Setting an attribute's symbology and its order within the map layers is one of the last tasks in making a map. The ordering of these layers is important. Layers need to be organized in a way that allows the map reader to see them all at one time and to understand both what each individual layer is  showing and what boundaries are within and around each layer. Examples of Polygon, Line, and Point layer symbologies and ordering are presented below:

Polygon features have multiple working parts in their symbologies. The first part is  color (discussed in the Color blog post), but color by itself is not enough. Transparency of the feature enables  the map reader to see through the polygon layer to other features below it.  The location of polygon attributes within the layers of the map is another important part of polygon symbologies.. Polygon features should be placed closer to the base map so that line and point attribute layers (such as roads, boundaries, patients, and  facilities) can be placed on top of them and easily seen/interpreted by the map reader.

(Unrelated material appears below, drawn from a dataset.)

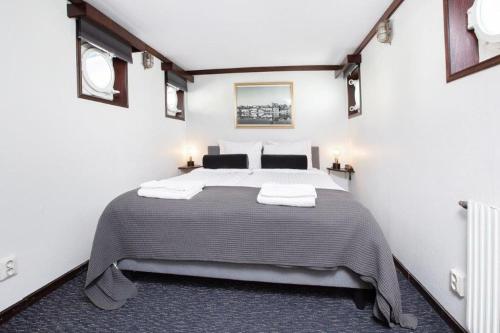 斯德哥尔摩Mälardrottningen Yacht Hotel的一间卧室,卧室内配有一张大床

Line layers are a crucial part of any map, especially when you think of how many different kinds of lines need to be displayed. Differentiating these lines in clean and logical ways can be difficult, but it is not impossible. At Stratasan we use a variety of techniques to help keep the line features unique.  These include: line color, thickness, and multi-line features.

Line color is important in every layer, especially the line color within road and boundary layers.  The thickness of lines indicate a feature's importance (The thicker the line, the more important it is). Multi-line features (for example the County layer in the map above) help differentiate the line types (The county lines have a dashed line through them to help distinguish them from the road layers).  Line features can also have certain levels of transparency, like polygon features, if the map reader needs to see what is underneath them.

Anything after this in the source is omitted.